Stay tuned for more of this because we are cooking something very cool and you will one of the first ones to know about it.

Anyways: Enjoy the content of this week inside the Graviton universe.

Brought to you by Deel

Through Deel’s platform, you can hire employees and contractors in 150+ countries.

You can easily create contracts that are compliant with the local labor laws and streamline payroll for your entire remote team in one single click.

Run your global payroll with Deel


Introducing Amazon EC2 M7g and R7g Instances

AWS announces the general availability of Amazon Elastic Compute Cloud (Amazon EC2) M7g instances and Amazon EC2 R7g instances.
These instances are powered by AWS Graviton3 processors and deliver up to 25% better performance over Graviton2-based instances.
Compared to AWS Graviton2 processors, they offer up to 2x better floating-point performance, up to 2x faster crypto performance, and up to 3x better machine learning (ML) performance, including support for bfloat16.
These Graviton3-based instances feature the latest DDR5 memory, which provides 50% more memory bandwidth than DDR4, to enable high-speed access to data in memory.

Learn more here:

AWS announces AWS Modular Data Center (MDC) for U.S. Department of Defense customers

Today, AWS announces the availability of AWS Modular Data Center (MDC) to the U.S. Department of Defense (DoD). AWS MDC makes it easy for DoD agencies to deploy modular data centers managed by AWS in infrastructure-limited locations. AWS MDC is available as a self-contained modular data center unit: an environmentally controlled physical enclosure that can host racks of AWS Outposts or AWS Snow Family devices. AWS MDC can scale further through the deployment of additional units. Customers can proactively monitor and manage their modular data centers using the management system available with every unit.

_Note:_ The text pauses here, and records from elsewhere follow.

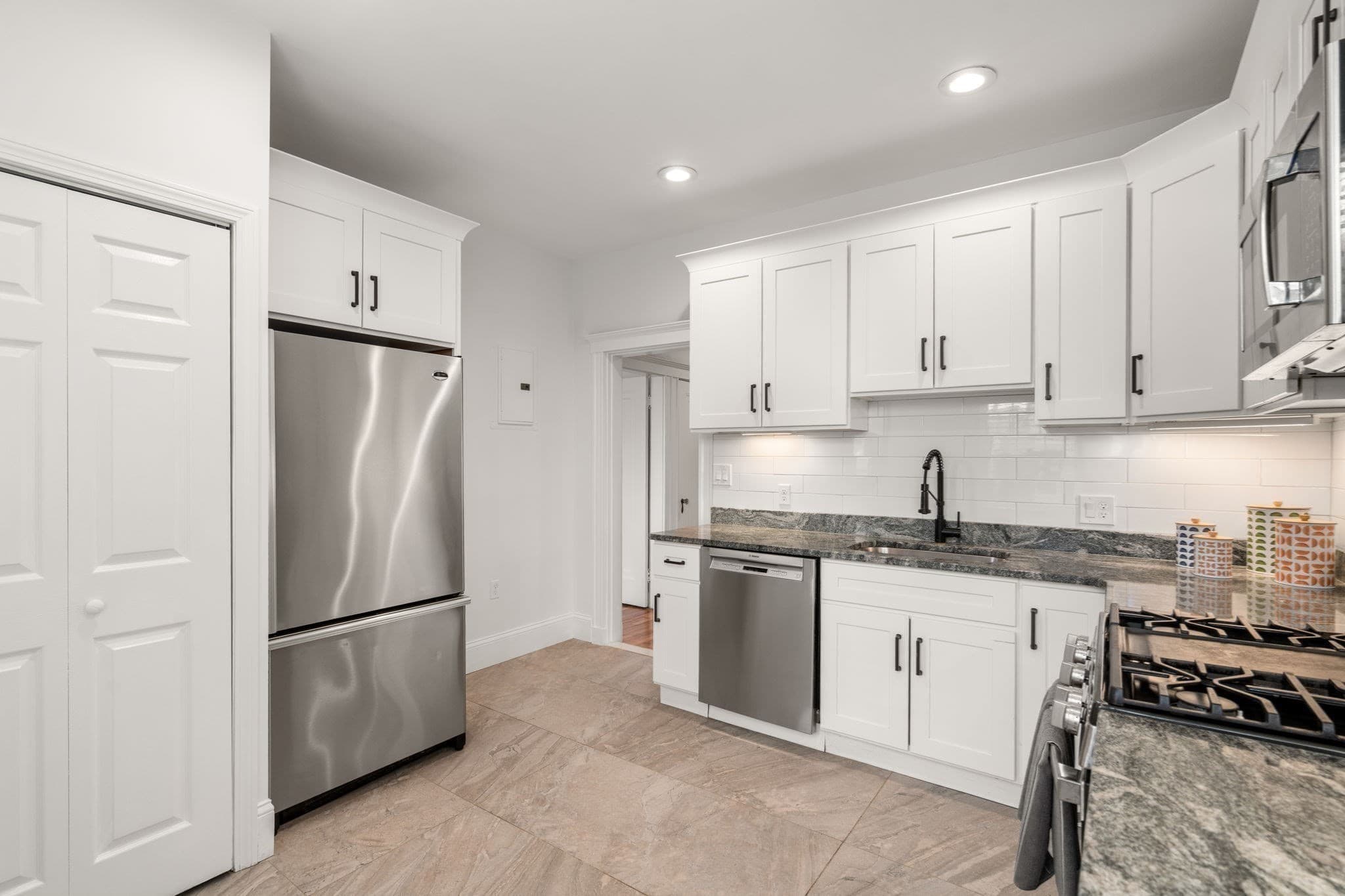 Condominium at 461 Washington Street # 1, Brookline MA 02446, photo 6 of 14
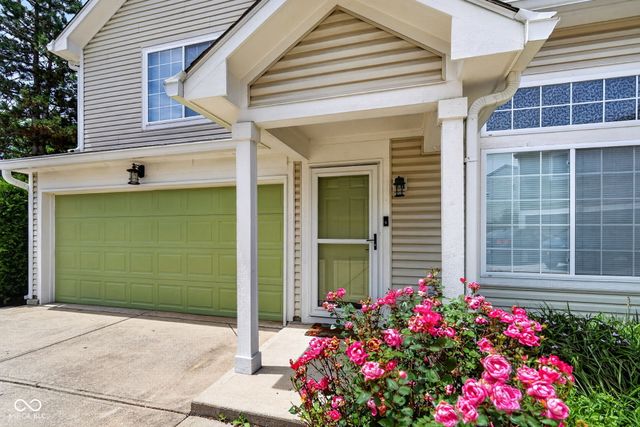 612 Cembra Drive, Greenwood, IN 46143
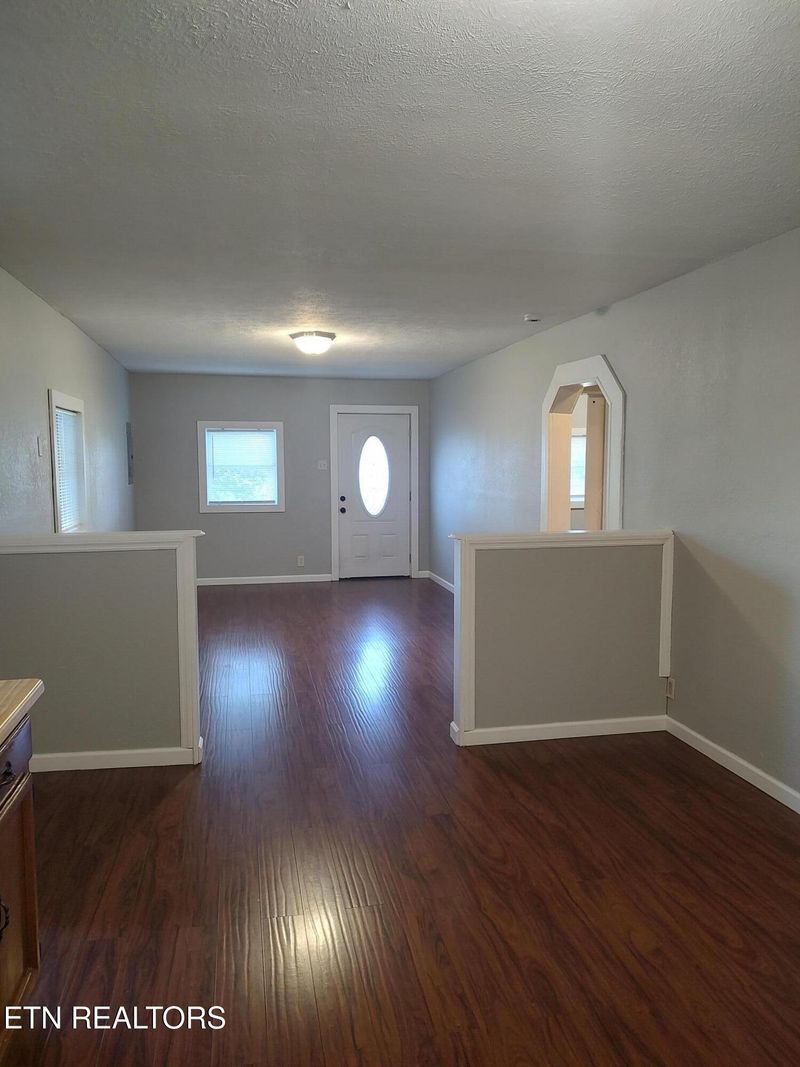 414 Hen Valley Rd, Oliver Springs, TN 37840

Customers also have the option to use satellite communications for network connectivity.

Learn more here:

Amazon Managed Grafana now supports network access control

Amazon Managed Grafana now supports inbound network access control that helps you to restrict user access to your Grafana workspaces.
Amazon Managed Grafana is a fully managed service for Grafana, a popular open-source analytics platform that enables you to query, visualize, and alert on your metrics, logs, and traces.
With this launch, you have granular security controls over the rollout of Grafana workspaces by defining customer-managed prefix lists and VPC endpoints to help you restrict the inbound network traffic that can reach your Grafana workspaces.

Learn more here:

Amazon EC2 Dedicated Hosts now support automated maintenance on rare degradation

You now have the automated host maintenance feature available for your Amazon EC2 Dedicated Hosts. With automated host maintenance, in the rare event of degradation of a dedicated host, AWS will automatically reboot the EC2 instances running on it onto a newly allocated dedicated host during a scheduled maintenance event, to reduce your application’s downtime and offload undifferentiated heavy-lifting of host maintenance.
AWS regularly monitors the health of your hosts and the instances running on them. With automated host maintenance, in the rare event of a degradation or for planned EC2 maintenance, AWS will notify you, allocate a new host, and schedule a maintenance event for two weeks later to give you time to prepare. During the maintenance event, AWS will reboot your instances on the replacement host and notify you if an instance cannot be moved. Along with reviewing the event details on the EC2 Events page or the AWS Health Dashboard, you can change the order of instance reboot or reschedule the event.

Learn more here:

Articles and Tutorials

New Graviton3-Based General Purpose (m7g) and Memory-Optimized (r7g) Amazon EC2 Instances, by Jeff Barr (Chief Evangelist at AWS)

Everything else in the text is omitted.